Congratulations to my friend, Jay Langdale, on his new book, Superfluous Southerners: Cultural Conservatism in the South, 1920-1990, to be published in November, 2012. This promises to be a wonderful book.  Here is a summary from the publisher:

In Superfluous Southerners, John J. Langdale III tells the story of traditionalist conservatism and its boundaries in twentieth-century America. Because this time period encompasses both the rise of the modern conservative movement and the demise of southern regional distinctiveness, it affords an ideal setting both for observing the potentiality of American conservatism and for understanding the fate of the traditionalist “man of letters.” Langdale uses the intellectual and literary histories of John Crowe Ransom, Donald Davidson, and Allen Tate—the three principal contributors to the Agrarian manifesto I’ll Take My Stand—and of their three most remarkable intellectual descendants—Cleanth Brooks, Richard Weaver, and Melvin Bradford—to explore these issues.

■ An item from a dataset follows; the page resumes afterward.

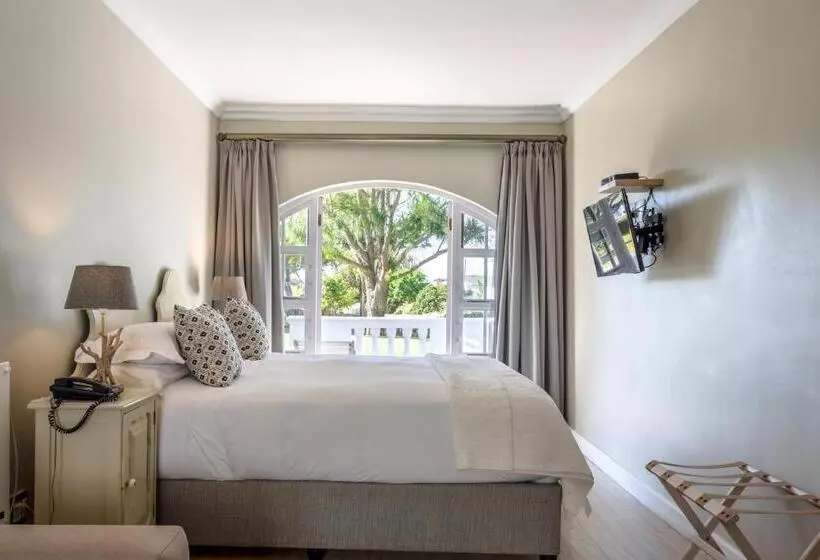 Fotos del hotel Whale Rock Luxury Lodge:  25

Langdale begins his study with some observations on the nature of American exceptionalism and the intrinsic barriers which it presents to the traditionalist conservative imagination. While works like Louis Menand’s The Metaphysical Club have traced the origins of modern pragmatic liberalism during the late nineteenth century, the nature of conservative thought in postbellum America remains less completely understood. Accordingly, Langdale considers the origins of the New Humanism movement at the turn of the twentieth century, then turning to the manner in which midwesterners Irving Babbitt and Paul Elmer Moore stirred the imagination of the southern Agrarians during the 1920s.

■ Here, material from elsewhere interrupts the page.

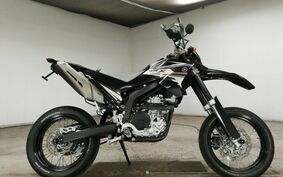 YAMAHA WR250X DG15J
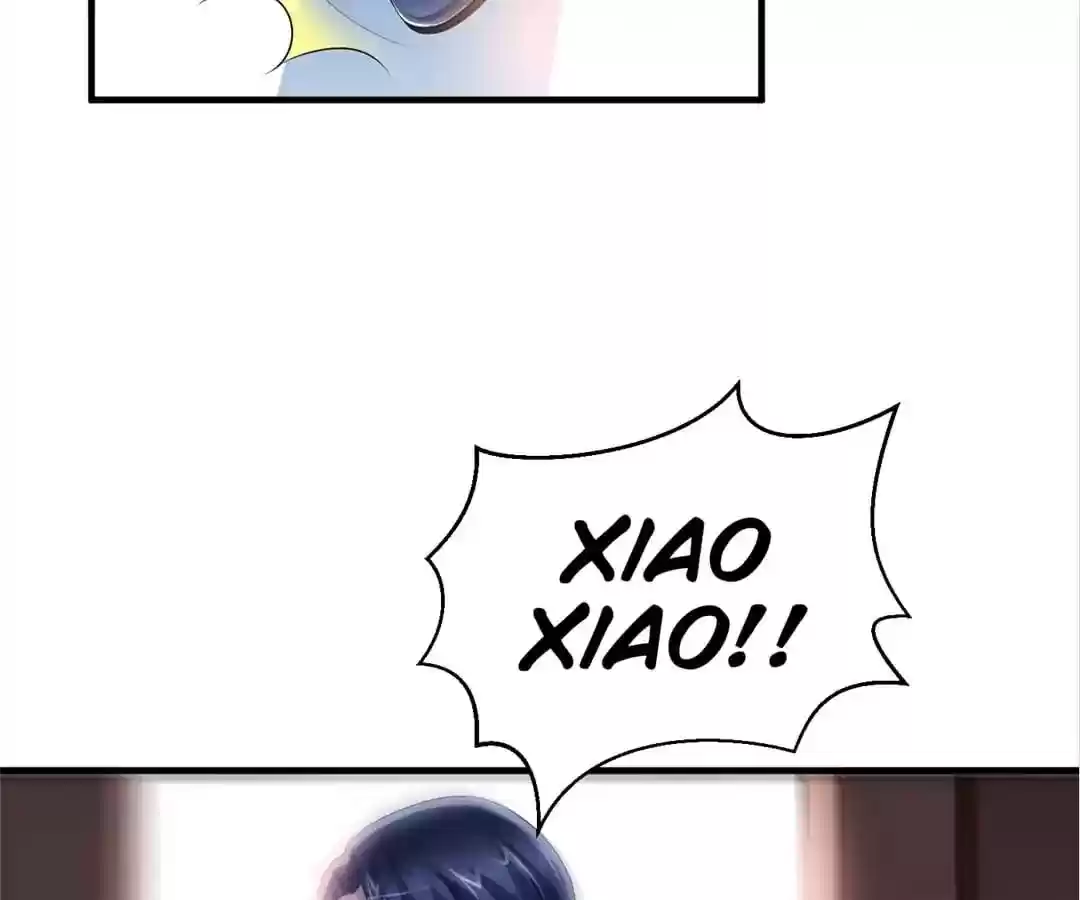 The Substitute Bride Chapter 34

After the publication of I’ll Take My Stand in 1930, Agrarianism splintered into three distinct modes of traditionalist conservatism: John Crowe Ransom sought refuge in literary criticism, Donald Davidson in sectionalism, and Allen Tate in an image of the religious-wayfarer as a custodian of language. Langdale traces the expansion of these modes of traditionalism by succeeding generations of southerners. Following World War II, Cleanth Brooks further refined the tradition of literary criticism, while Richard Weaver elaborated the tradition of sectionalism. However, both Brooks and Weaver distinctively furthered Tate’s notion that the integrity of language remained the fundamental concern of traditionalist conservatism.
Langdale concludes his study with a consideration of neoconservative opposition to M.E. Bradford’s proposed 1980 nomination as head of the National Endowment for the Humanities and its significance for the southern man of letters in what was becoming postmodern and postsouthern America. Though the post–World War II ascendance of neoconservatism drastically altered American intellectual history, the descendants of traditionalism remained largely superfluous to this purportedly conservative revival which had far more in common with pragmatic liberalism than with normative conservatism.
Congratulations Jay!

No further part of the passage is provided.